As the Eurozone tries to turn the corner, one member nation continues to lag

It increasingly looks as though the Eurozone's overall economy is close to bottoming out (as discussed here). This improvement may turn out to be transient, but it's real nevertheless. As an example, the January manufacturing PMI numbers are still in a contraction mode, but the trend is no longer downward.

Source: Markit

Markit (Chris Williamson): - The Eurozone economic picture continues to brighten, with the final reading of the manufacturing PMI for January coming in ahead of the earlier flash estimate. The survey continues to signal an overall deterioration of business conditions, but rose to an 11-month high to suggest that the industrial sector is close to stabilising after contracting throughout much of last year.

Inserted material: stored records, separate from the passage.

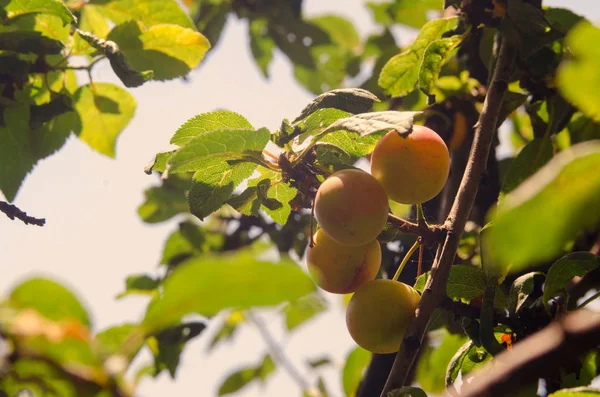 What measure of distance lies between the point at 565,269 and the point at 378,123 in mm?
458

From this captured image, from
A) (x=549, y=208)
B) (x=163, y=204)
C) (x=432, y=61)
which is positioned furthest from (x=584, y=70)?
(x=163, y=204)

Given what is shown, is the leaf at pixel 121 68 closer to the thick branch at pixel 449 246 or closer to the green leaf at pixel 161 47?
the green leaf at pixel 161 47

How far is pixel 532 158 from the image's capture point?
4.98 ft

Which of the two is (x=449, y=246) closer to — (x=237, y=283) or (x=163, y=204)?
(x=237, y=283)

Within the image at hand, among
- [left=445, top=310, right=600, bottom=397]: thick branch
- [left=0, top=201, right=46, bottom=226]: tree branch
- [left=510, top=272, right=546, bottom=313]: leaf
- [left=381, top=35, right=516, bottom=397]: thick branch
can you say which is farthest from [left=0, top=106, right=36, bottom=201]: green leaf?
[left=445, top=310, right=600, bottom=397]: thick branch

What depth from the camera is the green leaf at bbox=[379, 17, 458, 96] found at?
5.04ft

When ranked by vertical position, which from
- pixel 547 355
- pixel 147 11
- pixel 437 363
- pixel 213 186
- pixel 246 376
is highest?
pixel 147 11

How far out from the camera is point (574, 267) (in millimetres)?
1050

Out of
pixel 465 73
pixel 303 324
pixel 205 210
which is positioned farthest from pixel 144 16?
pixel 303 324

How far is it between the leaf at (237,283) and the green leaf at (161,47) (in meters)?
1.12

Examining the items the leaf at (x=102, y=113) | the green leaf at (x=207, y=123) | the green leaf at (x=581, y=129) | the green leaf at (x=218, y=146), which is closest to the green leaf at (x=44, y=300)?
the green leaf at (x=218, y=146)

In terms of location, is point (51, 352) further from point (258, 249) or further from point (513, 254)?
point (258, 249)

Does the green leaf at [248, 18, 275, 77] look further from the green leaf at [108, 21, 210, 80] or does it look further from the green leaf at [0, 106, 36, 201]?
the green leaf at [0, 106, 36, 201]

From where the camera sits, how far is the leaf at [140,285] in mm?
→ 2170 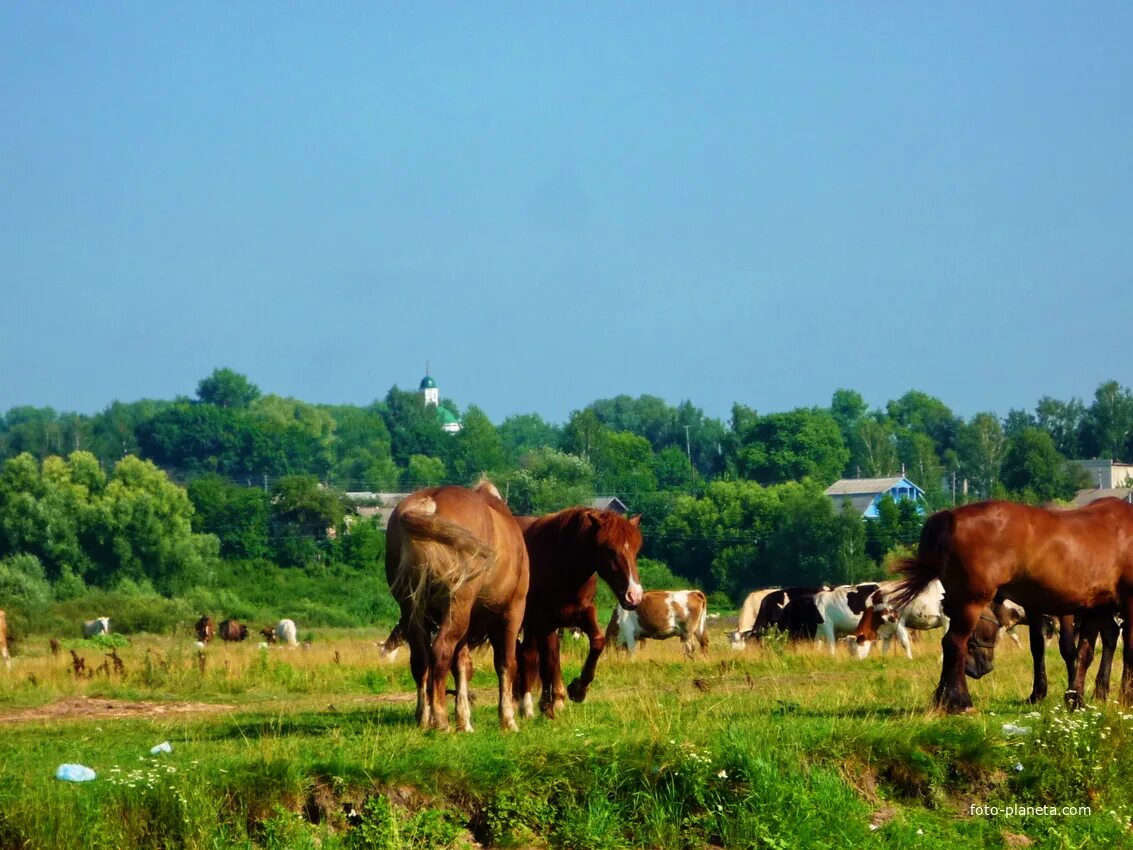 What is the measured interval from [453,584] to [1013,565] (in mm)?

The improvement was led by Germany, which saw the strongest gain in output of all eurozone states, but rising exports are also helping to revive the manufacturing sectors of other countries, most notably Spain and Italy.
There is however a major exception to this trend - one that exists in the Eurozone's "core". The exception is France, whose economic conditions continue to deteriorate.
Markit (Jack Kennedy): - The deterioration in French manufacturing sector business conditions continued in January. The fact that new orders fell at the sharpest rate for nearly four years is a particularly concerning development and suggests further steep falls in output are likely as we progress throughout the first quarter. Confidence seems to have evaporated in the face of an increasingly uncertain economic environment, leading manufacturers to make sharper cuts to employment, purchasing and input stocks in the latest survey period.
In fact the trends in the composite PMI measures for France vs. the rest of the Eurozone have diverged.

Source: JPMorgan

Poor competitiveness continues to be one of the key issues (as discussed here).
JPMorgan: - A longstanding issue for the corporate sector is its lack of competitiveness. This concern is best illustrated by the European Commission survey data, which show that an increasing number of French firms are expressing a lack of competitive advantage in both domestic and foreign markets. The French trade deficit seen since mid-2004 partly corroborates this argument. Competitiveness issues are part of a broader problem facing France: anemic potential growth (the government assumes potential growth at 1.6% oya) and the structural changes that would be required to raise it.
With France's government now representing almost 57% of the nation's overall economic activity, the much needed austerity measures will be a major drag on the GDP growth going forward. And some of the Socialist government's heavy-handed policies (particularly with respect to taxation) are not helping either.